Short web captions:
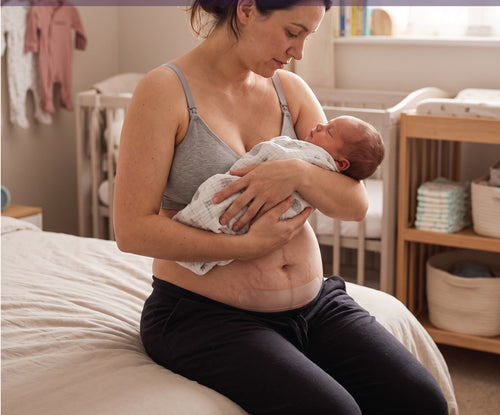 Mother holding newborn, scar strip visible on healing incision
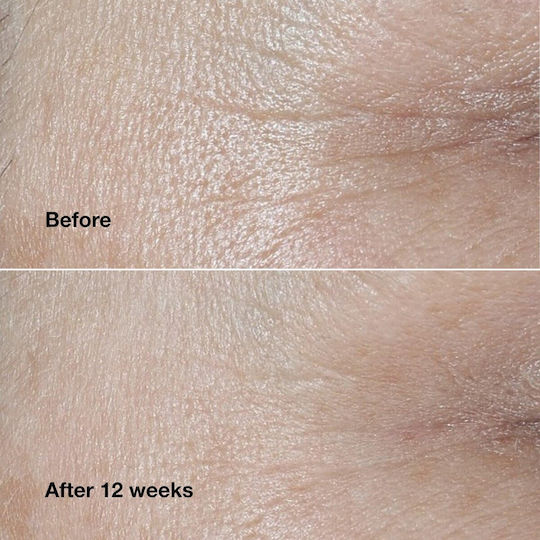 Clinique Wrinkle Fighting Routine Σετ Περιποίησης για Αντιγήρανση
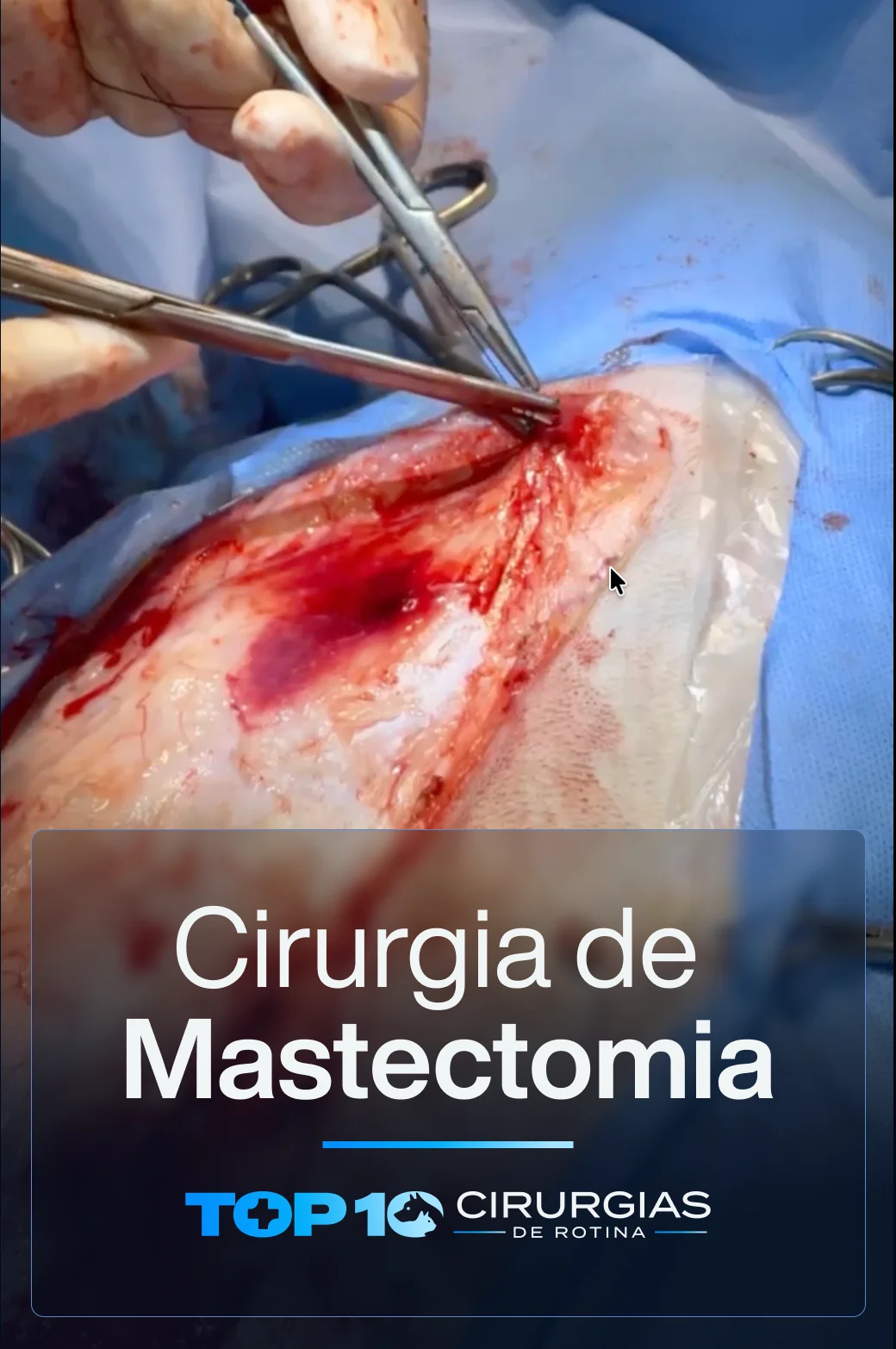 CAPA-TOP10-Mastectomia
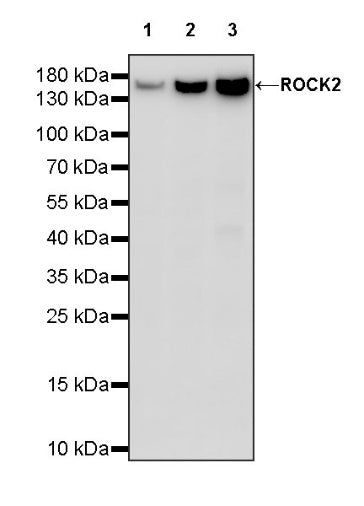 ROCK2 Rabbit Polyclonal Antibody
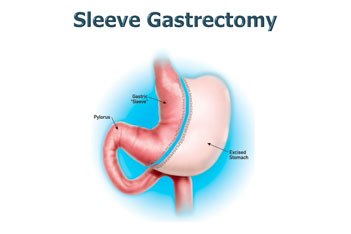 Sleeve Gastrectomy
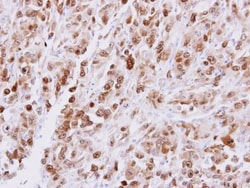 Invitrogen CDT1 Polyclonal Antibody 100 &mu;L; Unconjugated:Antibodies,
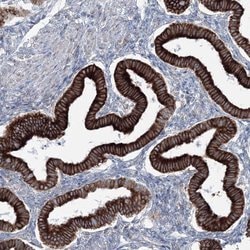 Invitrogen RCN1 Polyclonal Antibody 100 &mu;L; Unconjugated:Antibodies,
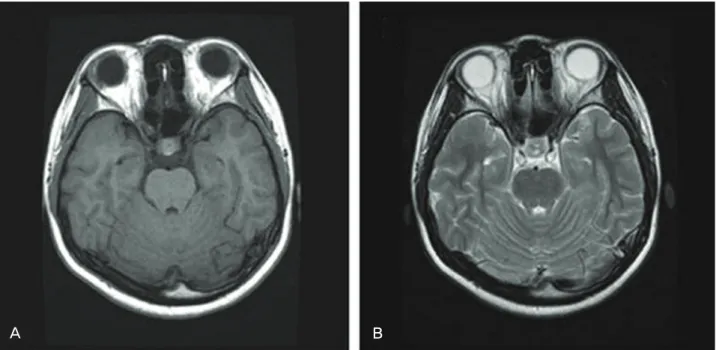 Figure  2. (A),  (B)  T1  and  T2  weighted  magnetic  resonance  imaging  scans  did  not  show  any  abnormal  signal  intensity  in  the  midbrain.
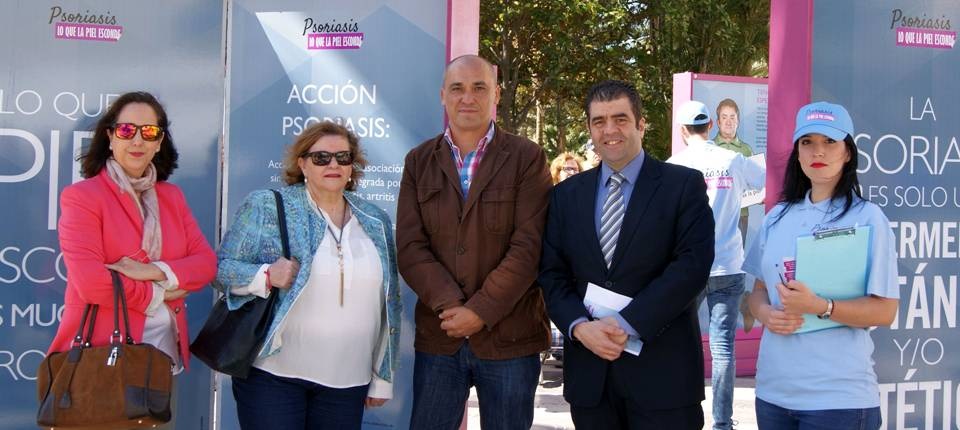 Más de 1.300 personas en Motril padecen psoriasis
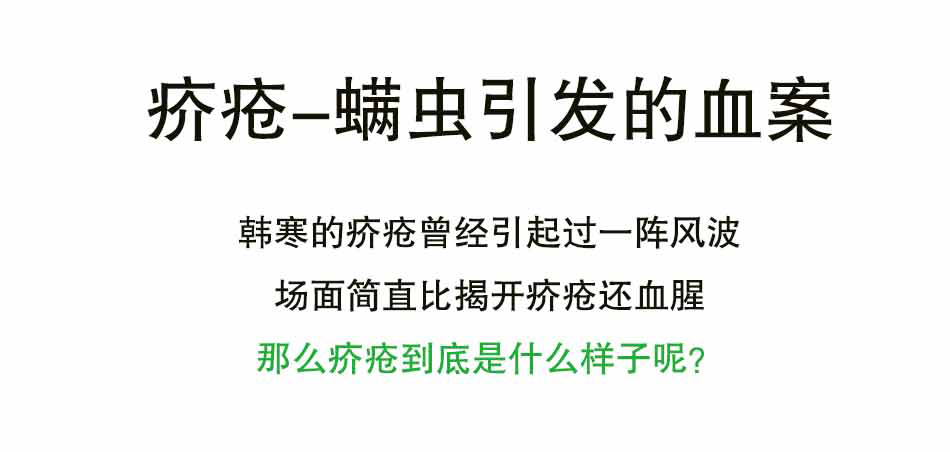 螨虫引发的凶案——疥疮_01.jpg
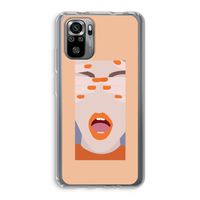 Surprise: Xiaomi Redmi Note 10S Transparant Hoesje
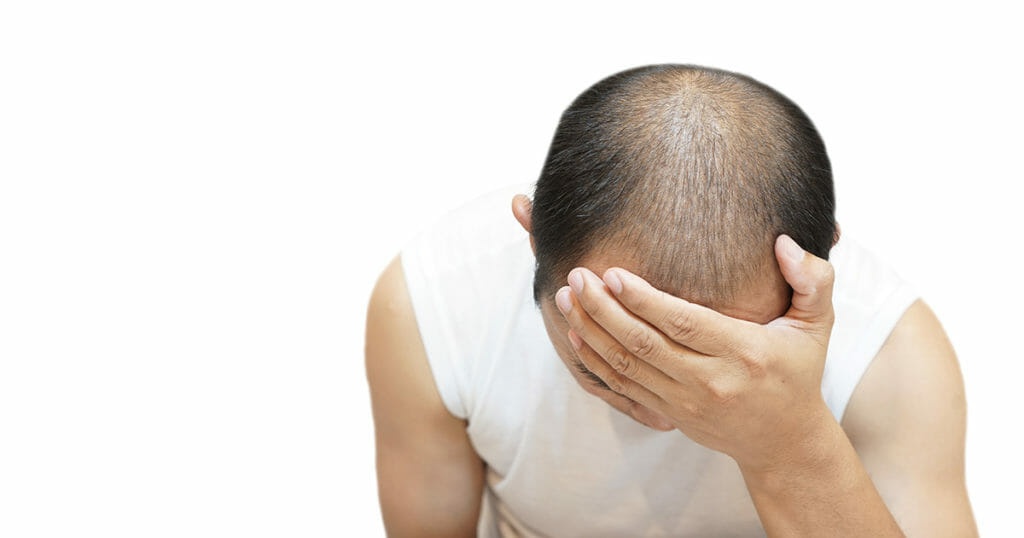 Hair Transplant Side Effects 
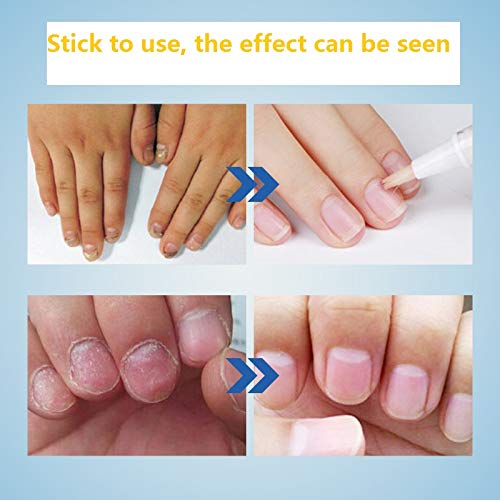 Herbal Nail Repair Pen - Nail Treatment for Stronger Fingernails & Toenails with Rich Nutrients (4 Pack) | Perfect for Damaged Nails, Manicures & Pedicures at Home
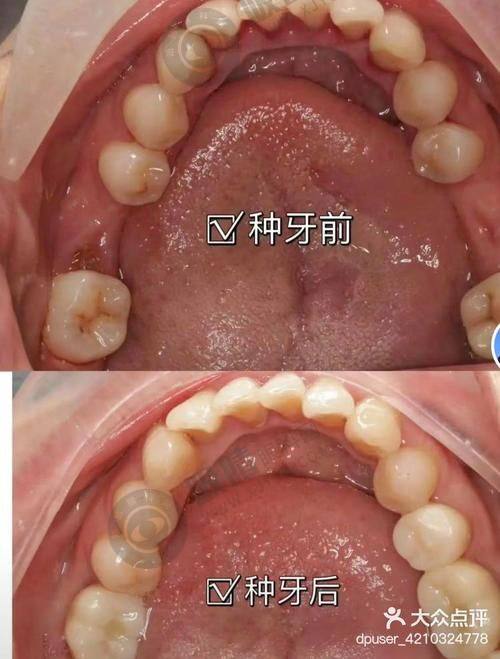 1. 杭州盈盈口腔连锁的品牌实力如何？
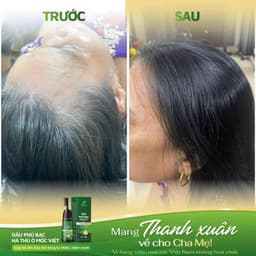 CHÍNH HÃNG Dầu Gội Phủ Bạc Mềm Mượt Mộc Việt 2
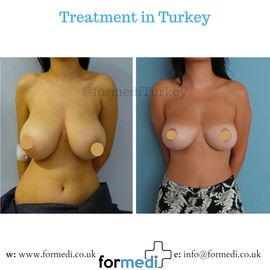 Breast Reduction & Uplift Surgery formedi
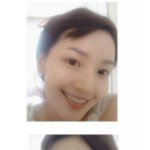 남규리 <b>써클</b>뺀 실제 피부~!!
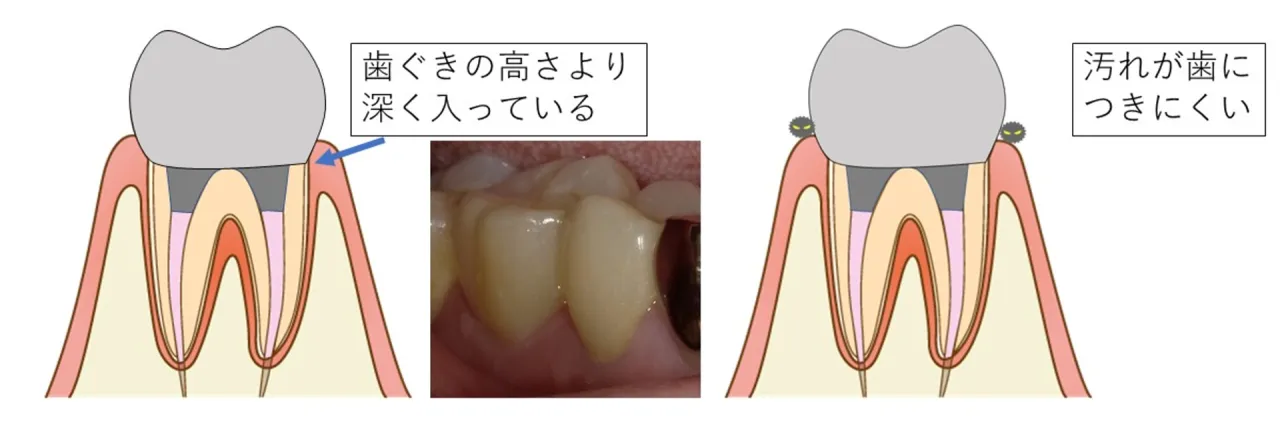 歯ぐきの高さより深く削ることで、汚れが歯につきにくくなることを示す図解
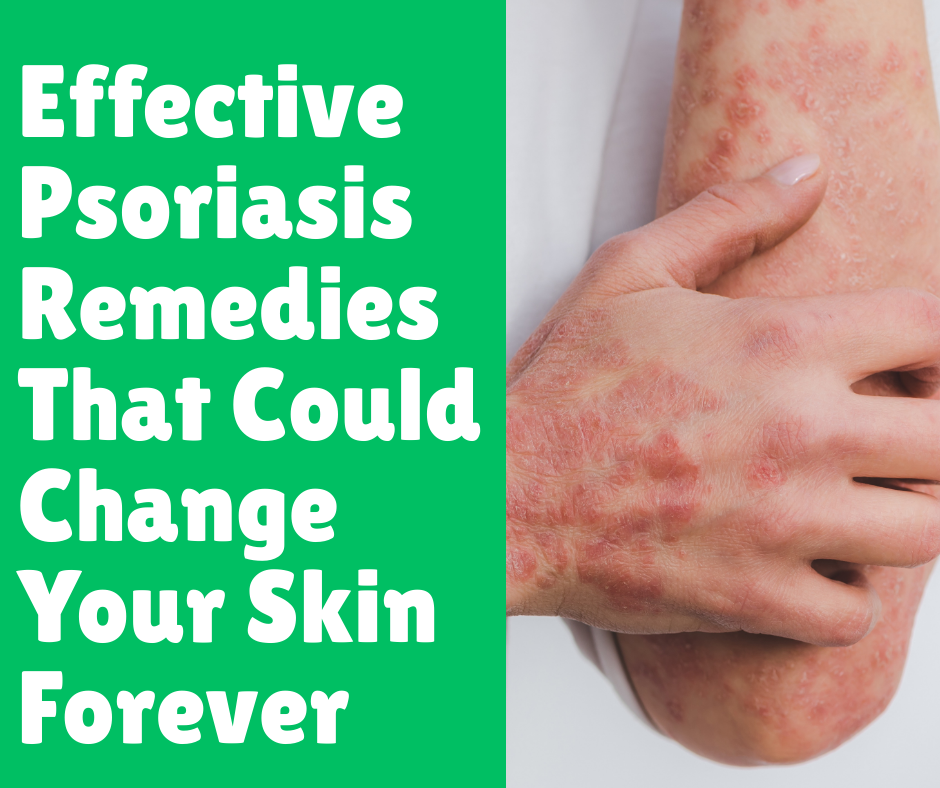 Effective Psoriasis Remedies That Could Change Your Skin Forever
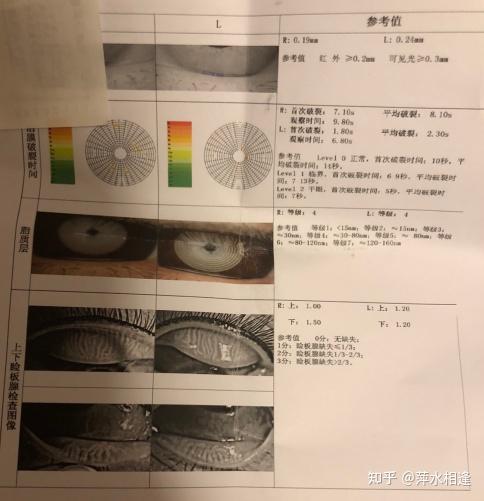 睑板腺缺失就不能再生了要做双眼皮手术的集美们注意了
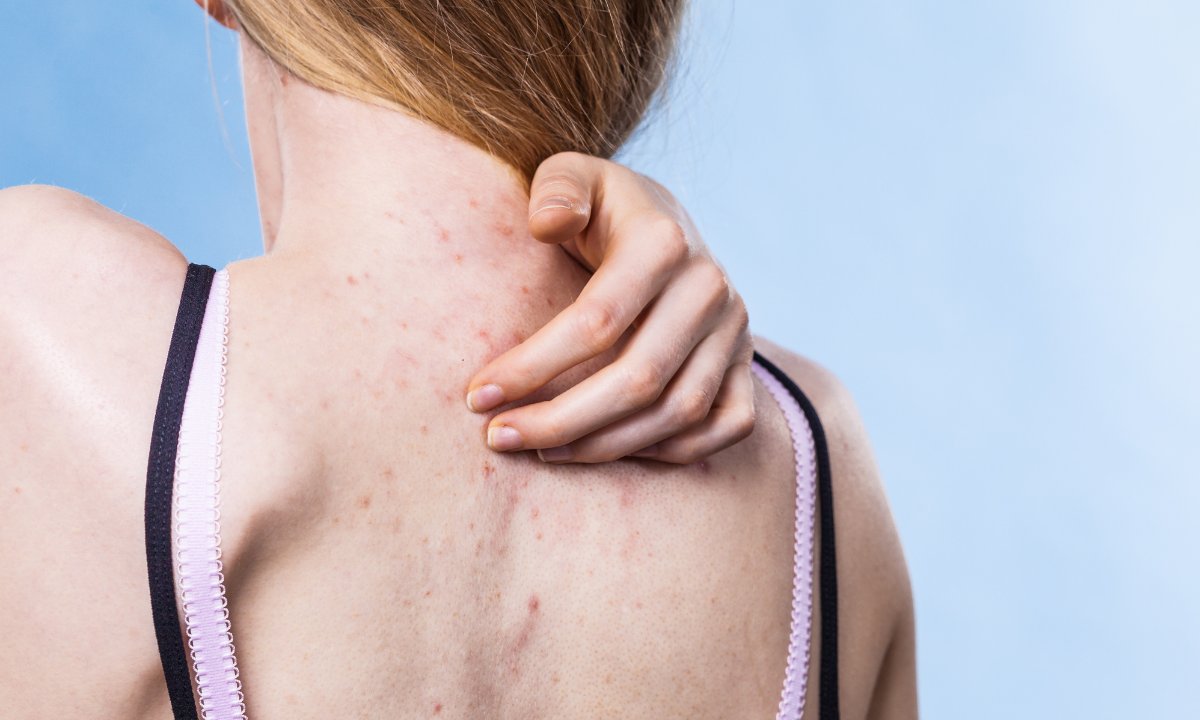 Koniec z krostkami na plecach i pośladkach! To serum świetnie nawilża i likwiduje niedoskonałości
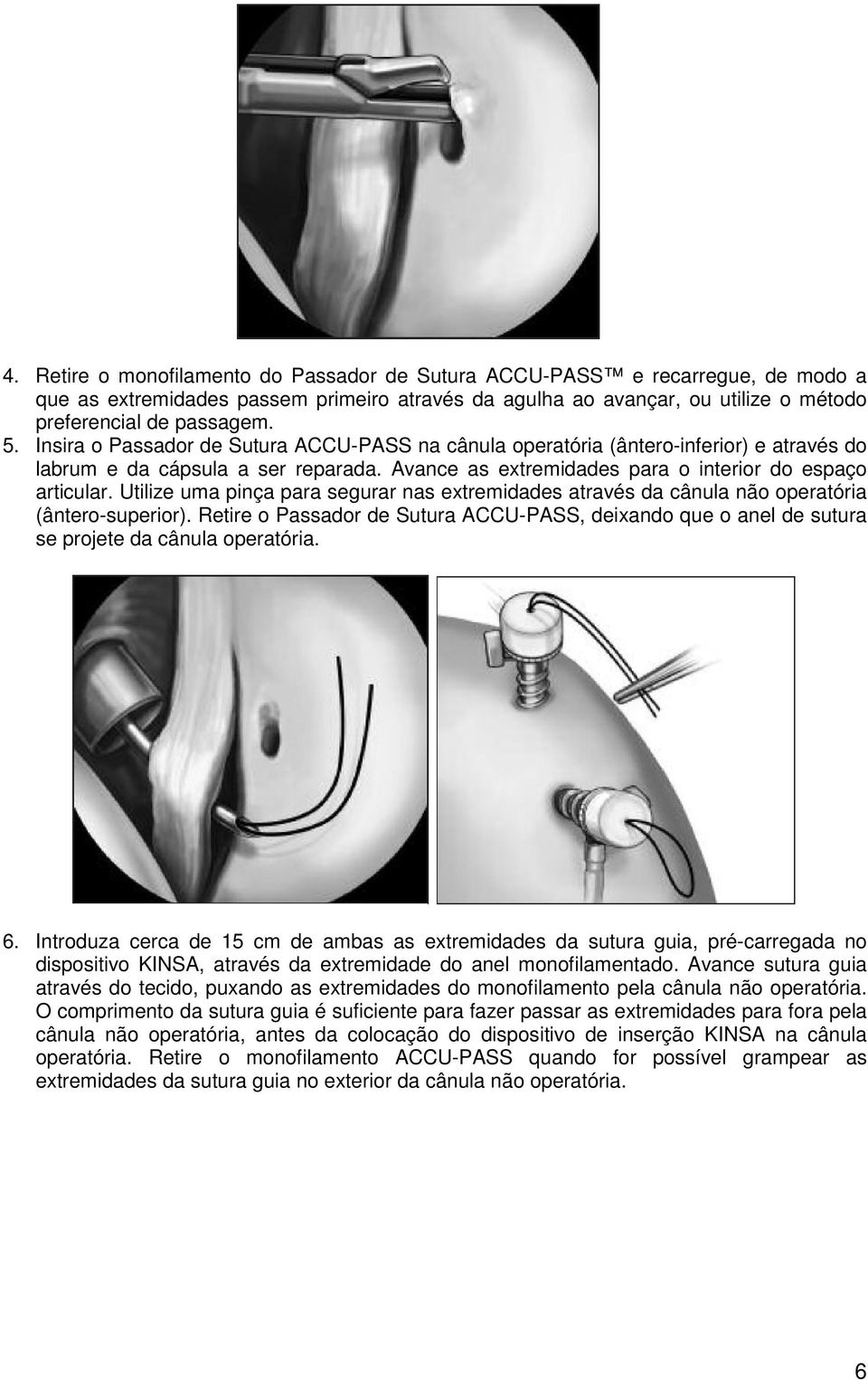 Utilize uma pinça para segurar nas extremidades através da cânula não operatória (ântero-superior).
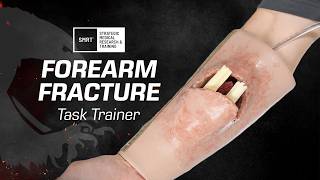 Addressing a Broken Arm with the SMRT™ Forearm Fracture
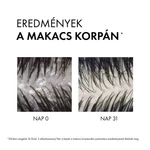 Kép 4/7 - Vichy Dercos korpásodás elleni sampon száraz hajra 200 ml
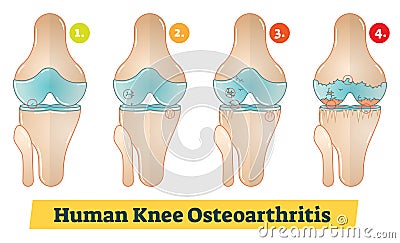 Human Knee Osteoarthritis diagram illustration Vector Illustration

▶ [Problem requirements]: The data is to be returned exactly as it stands, pictures aside.

▶ [Solved exercise]:
 Mother holding newborn, scar strip visible on healing incision
 Clinique Wrinkle Fighting Routine Σετ Περιποίησης για Αντιγήρανση
 CAPA-TOP10-Mastectomia
 ROCK2 Rabbit Polyclonal Antibody
 Sleeve Gastrectomy
 Invitrogen CDT1 Polyclonal Antibody 100 &mu;L; Unconjugated:Antibodies,
 Invitrogen RCN1 Polyclonal Antibody 100 &mu;L; Unconjugated:Antibodies,
 Figure  2. (A),  (B)  T1  and  T2  weighted  magnetic  resonance  imaging  scans  did  not  show  any  abnormal  signal  intensity  in  the  midbrain.
 Más de 1.300 personas en Motril padecen psoriasis
 螨虫引发的凶案——疥疮_01.jpg
 Surprise: Xiaomi Redmi Note 10S Transparant Hoesje
 Hair Transplant Side Effects 
 Herbal Nail Repair Pen - Nail Treatment for Stronger Fingernails & Toenails with Rich Nutrients (4 Pack) | Perfect for Damaged Nails, Manicures & Pedicures at Home
 1. 杭州盈盈口腔连锁的品牌实力如何？
 CHÍNH HÃNG Dầu Gội Phủ Bạc Mềm Mượt Mộc Việt 2
 Breast Reduction & Uplift Surgery formedi
 남규리 <b>써클</b>뺀 실제 피부~!!
 歯ぐきの高さより深く削ることで、汚れが歯につきにくくなることを示す図解
 Effective Psoriasis Remedies That Could Change Your Skin Forever
 睑板腺缺失就不能再生了要做双眼皮手术的集美们注意了
 Koniec z krostkami na plecach i pośladkach! To serum świetnie nawilża i likwiduje niedoskonałości
 Utilize uma pinça para segurar nas extremidades através da cânula não operatória (ântero-superior).
 Addressing a Broken Arm with the SMRT™ Forearm Fracture
 Kép 4/7 - Vichy Dercos korpásodás elleni sampon száraz hajra 200 ml
 Human Knee Osteoarthritis diagram illustration Vector Illustration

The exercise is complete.